Esa delgada línea legal que distingue entre refugiados y «sin papeles» tiene sentido en tiempos de una cierta normalidad aunque desde un punto de vista moral resulte un tema espinoso y debatible. Todos entenderíamos que los opositores a la impresentable dictadura de Maduro (ay Monedero, el corazón -quiero pensar que es el corazón- te hace perder el sentido de la realidad) pidieran y obtuvieran en un país democrático asilo político y la consideración de refugiados. Algo sabemos de eso en la España franquista.
El problema surge cuando no se trata de casos individuales sino de avalanchas migratorias que huyen de una muerte o de una esclavitud expulsados de sus pueblos, de sus casas, de sus paisajes por un llamado Estado Islámico cada vez más poderoso y contra el que todos claman pero nadie termina de tirar la piedra sin esconder la mano; ni la UE, ni la OTAN ni los EEUU y mucho menos los países árabes que no sólo ni ayudan -hay alguna excepción- sino que dan cobijo en forma de dinero a estos grupos que han declarado la guerra al mundo.
La buena voluntad, desgraciadamente, no arregla los problemas.
Incluso los países más receptivos cerraban ayer sus fronteras y hasta desplegaban al ejército para tratar de controlar la masiva entrada de refugiados -o no, porque personalmente no me permito hacer distinciones- por las fronteras de Europa. Entre tanto se hacen colectas entre la población para ayudar a esta pobre gente y con mejor voluntad que visión de futuro, yo también escribiría una pancarta dando la bienvenida a esas familias, las que logran llegar, y rezaría por la cantidad de muertos que deben de quedarse en el camino.
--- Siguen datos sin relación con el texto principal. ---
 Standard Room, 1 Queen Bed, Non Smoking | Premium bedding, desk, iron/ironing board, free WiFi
Pero la buena voluntad, desgraciadamente, no arregla los problemas.
Claro que es urgente, justo y necesario que los niños-víctimas de esta barbarie tengan leche y agua y los mayores el pan de cada día. Pero ¿por cuánto tiempo? ¿Hasta qué número? Y cuando el drama decaiga mediáticamente ¿qué se va a hacer con ellos? ¿Dónde alojarlos y cómo darles un futuro que les garantice al menos la no marginalidad? Alemania, la denostada Alemania, una de las que ya ha empezado a controlar sus fronteras, espera que en total y de una forma cada vez más rápida entre en su país un millón de refugiados. Grecia ya no puede más. Austria se declara impotente. Hungría… ya se sabe lo que pasa en Hungría. ¿Puede Europa afrontar ese reto, un reto que no va a acabar hoy ni mañana ni seguramente dentro de muchos meses? Esto va para largo y cada vez será más complicado.
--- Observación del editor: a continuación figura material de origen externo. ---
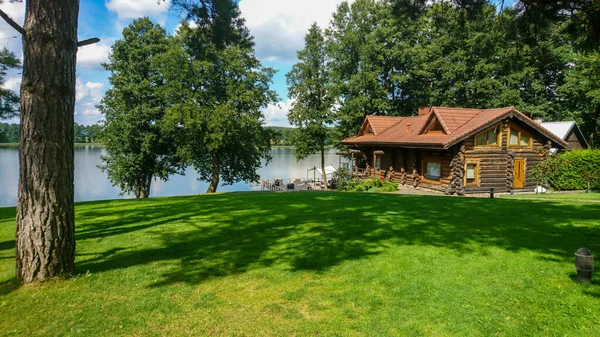 Trakai Lituania Lug 2019 Una Vecchia Casa Legno Alberi Verdi — Foto Stock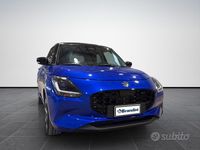 Usata Suzuki Swift 83 CV (61 kW) 2024 Blu tetto nero Utilitaria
Cuando Canarias o luego Lampedusa pedían a gritos que la UE se hiciera cargo del drama de la pateras, en Bruselas miraban hacia otro lado y aquello no era más que el principio que nadie quiso ver. Está claro que la brutalidad -consentida- del llamado Estado Islámico ha desbordado todas las previsiones, pero el drama que viene asolando a buena parte de África no se puede solucionar ni cerrando las fronteras ni abriéndolas de par en par. Algo está pasando en este mundo global y habrá que hacer frente a ese drama que es ya una realidad cotidiana en tierras europeas. Hay que dar al menos dos pasos más. El primero y más inmediato, parar y destruir el Estado Islámico por la fuerza de las armas. Occidente ha hecho muchas guerras que, para ser benévolos, podríamos calificar de «estratégicas» -en realidad serían «interesadas»- pero no se sabe por qué se contemplan en silencio las atrocidades de ese nuevo nazismo que representa el IS.
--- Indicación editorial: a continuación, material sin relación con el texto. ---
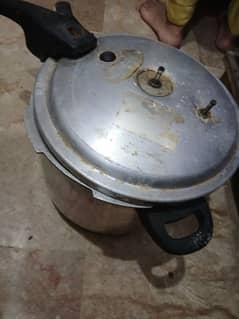 13 liter pressure cooker. . sirf setiyan nahi. hn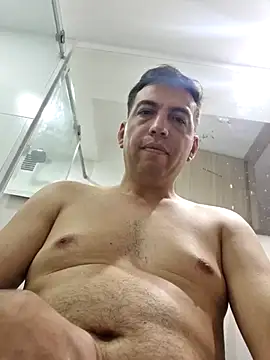 Snapshot of reyarturs13 chatting on 03/14/25, 11:45 reyarturs13 online show from 03/14/25, 11:45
El segundo paso sería restituir seriamente todo lo que la Europa Colonial ha saqueado en África a la que robó su pasado y negó el futuro. Y se puede hacer en forma de inversiones y bajo la supervisión de la ONU. Pero esto es predicar en el desierto y más en medio de una crisis económica. Es más fácil organizar un telemaratón que sacar agua para fertilizar los campos; más fácil y mucho más barato.